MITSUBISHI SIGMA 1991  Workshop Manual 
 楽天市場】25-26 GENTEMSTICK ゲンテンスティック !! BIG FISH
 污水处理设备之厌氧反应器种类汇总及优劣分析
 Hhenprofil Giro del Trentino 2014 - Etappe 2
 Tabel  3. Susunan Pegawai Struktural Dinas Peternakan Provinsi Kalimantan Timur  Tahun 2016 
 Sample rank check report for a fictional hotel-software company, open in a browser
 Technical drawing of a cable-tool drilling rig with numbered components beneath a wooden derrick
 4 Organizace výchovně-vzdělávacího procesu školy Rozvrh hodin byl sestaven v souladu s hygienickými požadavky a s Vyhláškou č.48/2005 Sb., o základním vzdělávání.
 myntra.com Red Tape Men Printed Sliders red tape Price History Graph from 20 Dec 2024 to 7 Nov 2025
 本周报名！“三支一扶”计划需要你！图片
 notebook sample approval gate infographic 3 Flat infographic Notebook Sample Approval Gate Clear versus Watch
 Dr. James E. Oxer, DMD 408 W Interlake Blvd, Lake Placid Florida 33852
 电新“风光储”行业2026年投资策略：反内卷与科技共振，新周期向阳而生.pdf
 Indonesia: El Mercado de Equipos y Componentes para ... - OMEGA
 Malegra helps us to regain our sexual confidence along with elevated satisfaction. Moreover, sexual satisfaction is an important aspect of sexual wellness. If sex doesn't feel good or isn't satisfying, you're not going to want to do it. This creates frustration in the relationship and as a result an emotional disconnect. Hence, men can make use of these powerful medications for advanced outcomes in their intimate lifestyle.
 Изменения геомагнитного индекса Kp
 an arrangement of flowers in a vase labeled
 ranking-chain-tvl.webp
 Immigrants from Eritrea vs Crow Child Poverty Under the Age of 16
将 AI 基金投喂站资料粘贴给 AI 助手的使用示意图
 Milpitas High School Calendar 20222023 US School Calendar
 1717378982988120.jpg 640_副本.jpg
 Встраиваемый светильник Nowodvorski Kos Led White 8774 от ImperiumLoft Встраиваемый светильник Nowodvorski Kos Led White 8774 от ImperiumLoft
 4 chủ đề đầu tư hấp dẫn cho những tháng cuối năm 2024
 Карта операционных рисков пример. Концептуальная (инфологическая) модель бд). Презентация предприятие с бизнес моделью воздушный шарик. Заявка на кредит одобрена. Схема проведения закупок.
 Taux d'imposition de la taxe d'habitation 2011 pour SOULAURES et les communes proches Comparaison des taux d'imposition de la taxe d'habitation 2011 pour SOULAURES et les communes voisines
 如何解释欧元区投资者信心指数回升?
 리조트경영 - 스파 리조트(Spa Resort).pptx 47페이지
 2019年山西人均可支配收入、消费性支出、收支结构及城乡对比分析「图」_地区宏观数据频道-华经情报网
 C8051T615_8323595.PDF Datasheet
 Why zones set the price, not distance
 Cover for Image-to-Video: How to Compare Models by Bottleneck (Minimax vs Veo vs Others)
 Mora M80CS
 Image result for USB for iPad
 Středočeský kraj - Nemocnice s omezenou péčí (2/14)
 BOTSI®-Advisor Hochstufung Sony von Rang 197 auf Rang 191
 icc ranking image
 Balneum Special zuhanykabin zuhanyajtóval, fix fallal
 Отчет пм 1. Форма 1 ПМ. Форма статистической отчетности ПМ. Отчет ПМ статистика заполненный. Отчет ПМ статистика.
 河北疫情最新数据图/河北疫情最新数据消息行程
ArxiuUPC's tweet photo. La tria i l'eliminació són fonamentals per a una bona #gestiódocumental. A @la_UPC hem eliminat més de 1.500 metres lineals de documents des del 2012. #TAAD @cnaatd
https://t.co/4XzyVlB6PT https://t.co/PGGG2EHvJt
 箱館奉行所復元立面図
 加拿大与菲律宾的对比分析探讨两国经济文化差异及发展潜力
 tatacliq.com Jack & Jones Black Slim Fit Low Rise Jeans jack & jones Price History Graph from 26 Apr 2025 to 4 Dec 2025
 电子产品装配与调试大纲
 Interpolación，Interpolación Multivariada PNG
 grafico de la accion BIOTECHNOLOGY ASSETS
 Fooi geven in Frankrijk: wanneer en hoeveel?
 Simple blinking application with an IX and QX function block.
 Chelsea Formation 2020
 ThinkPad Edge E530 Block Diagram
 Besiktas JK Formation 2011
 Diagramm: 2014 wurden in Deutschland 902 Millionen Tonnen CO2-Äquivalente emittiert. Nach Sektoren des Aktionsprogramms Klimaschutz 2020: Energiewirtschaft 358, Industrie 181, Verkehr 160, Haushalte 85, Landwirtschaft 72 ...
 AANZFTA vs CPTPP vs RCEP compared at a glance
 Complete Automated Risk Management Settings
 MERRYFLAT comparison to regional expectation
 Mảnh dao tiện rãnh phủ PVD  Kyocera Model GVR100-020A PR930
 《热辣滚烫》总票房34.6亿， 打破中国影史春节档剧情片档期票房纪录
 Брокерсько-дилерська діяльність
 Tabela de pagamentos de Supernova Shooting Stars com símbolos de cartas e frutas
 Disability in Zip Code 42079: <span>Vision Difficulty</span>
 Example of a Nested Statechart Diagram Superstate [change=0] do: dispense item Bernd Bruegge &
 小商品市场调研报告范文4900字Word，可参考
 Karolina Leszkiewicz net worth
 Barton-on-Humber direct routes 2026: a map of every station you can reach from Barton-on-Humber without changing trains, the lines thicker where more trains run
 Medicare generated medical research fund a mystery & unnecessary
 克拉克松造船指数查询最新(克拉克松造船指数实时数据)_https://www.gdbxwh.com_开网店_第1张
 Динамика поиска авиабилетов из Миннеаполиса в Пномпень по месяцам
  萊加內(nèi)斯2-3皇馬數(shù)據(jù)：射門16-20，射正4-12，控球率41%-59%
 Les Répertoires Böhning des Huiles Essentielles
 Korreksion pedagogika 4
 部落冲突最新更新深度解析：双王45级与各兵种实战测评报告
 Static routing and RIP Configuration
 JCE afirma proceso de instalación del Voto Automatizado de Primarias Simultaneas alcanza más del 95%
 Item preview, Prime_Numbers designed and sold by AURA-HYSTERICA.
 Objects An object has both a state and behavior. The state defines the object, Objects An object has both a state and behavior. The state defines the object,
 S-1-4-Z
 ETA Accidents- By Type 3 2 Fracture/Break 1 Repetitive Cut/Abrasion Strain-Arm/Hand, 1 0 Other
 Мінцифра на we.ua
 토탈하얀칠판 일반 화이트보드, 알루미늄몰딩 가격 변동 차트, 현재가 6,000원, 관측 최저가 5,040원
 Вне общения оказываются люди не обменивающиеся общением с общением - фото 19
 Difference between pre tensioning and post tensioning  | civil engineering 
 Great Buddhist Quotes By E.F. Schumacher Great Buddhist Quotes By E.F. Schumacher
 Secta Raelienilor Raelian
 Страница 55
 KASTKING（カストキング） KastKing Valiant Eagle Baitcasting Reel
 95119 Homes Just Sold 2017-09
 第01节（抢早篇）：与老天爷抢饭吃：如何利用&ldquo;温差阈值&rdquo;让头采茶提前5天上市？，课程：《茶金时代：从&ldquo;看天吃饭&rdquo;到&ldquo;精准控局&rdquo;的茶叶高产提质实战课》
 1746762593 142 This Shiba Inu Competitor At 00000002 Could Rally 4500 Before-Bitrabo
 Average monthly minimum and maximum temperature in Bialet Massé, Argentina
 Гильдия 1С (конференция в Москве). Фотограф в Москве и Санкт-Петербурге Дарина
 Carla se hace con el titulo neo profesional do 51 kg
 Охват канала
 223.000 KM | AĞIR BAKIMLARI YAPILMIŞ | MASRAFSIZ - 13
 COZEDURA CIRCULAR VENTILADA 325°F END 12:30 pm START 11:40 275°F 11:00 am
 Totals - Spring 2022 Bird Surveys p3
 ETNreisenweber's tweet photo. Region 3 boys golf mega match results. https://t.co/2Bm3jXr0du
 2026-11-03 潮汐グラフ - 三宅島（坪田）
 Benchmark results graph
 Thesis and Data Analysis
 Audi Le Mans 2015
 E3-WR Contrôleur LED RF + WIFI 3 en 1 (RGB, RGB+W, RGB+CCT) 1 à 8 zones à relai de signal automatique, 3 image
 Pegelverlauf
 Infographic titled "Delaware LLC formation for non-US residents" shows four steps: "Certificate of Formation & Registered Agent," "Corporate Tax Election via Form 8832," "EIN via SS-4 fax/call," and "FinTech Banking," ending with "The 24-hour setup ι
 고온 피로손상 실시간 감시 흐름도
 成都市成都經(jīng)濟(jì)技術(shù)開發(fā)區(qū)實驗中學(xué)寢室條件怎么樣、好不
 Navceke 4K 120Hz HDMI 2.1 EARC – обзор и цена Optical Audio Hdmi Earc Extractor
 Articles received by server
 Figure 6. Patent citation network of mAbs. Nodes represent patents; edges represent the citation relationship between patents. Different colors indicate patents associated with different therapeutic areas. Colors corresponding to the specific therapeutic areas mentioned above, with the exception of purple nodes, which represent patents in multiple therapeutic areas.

:::

From the very first line of the records down to the line with "将 AI 基金投喂站资料粘贴给 AI 助手的使用示意图", please write out each line exactly, including both ends and no other lines.

→ THE ANSWER
MITSUBISHI SIGMA 1991  Workshop Manual 
 楽天市場】25-26 GENTEMSTICK ゲンテンスティック !! BIG FISH
 污水处理设备之厌氧反应器种类汇总及优劣分析
 Hhenprofil Giro del Trentino 2014 - Etappe 2
 Tabel  3. Susunan Pegawai Struktural Dinas Peternakan Provinsi Kalimantan Timur  Tahun 2016 
 Sample rank check report for a fictional hotel-software company, open in a browser
 Technical drawing of a cable-tool drilling rig with numbered components beneath a wooden derrick
 4 Organizace výchovně-vzdělávacího procesu školy Rozvrh hodin byl sestaven v souladu s hygienickými požadavky a s Vyhláškou č.48/2005 Sb., o základním vzdělávání.
 myntra.com Red Tape Men Printed Sliders red tape Price History Graph from 20 Dec 2024 to 7 Nov 2025
 本周报名！“三支一扶”计划需要你！图片
 notebook sample approval gate infographic 3 Flat infographic Notebook Sample Approval Gate Clear versus Watch
 Dr. James E. Oxer, DMD 408 W Interlake Blvd, Lake Placid Florida 33852
 电新“风光储”行业2026年投资策略：反内卷与科技共振，新周期向阳而生.pdf
 Indonesia: El Mercado de Equipos y Componentes para ... - OMEGA
 Malegra helps us to regain our sexual confidence along with elevated satisfaction. Moreover, sexual satisfaction is an important aspect of sexual wellness. If sex doesn't feel good or isn't satisfying, you're not going to want to do it. This creates frustration in the relationship and as a result an emotional disconnect. Hence, men can make use of these powerful medications for advanced outcomes in their intimate lifestyle.
 Изменения геомагнитного индекса Kp
 an arrangement of flowers in a vase labeled
 ranking-chain-tvl.webp
 Immigrants from Eritrea vs Crow Child Poverty Under the Age of 16
将 AI 基金投喂站资料粘贴给 AI 助手的使用示意图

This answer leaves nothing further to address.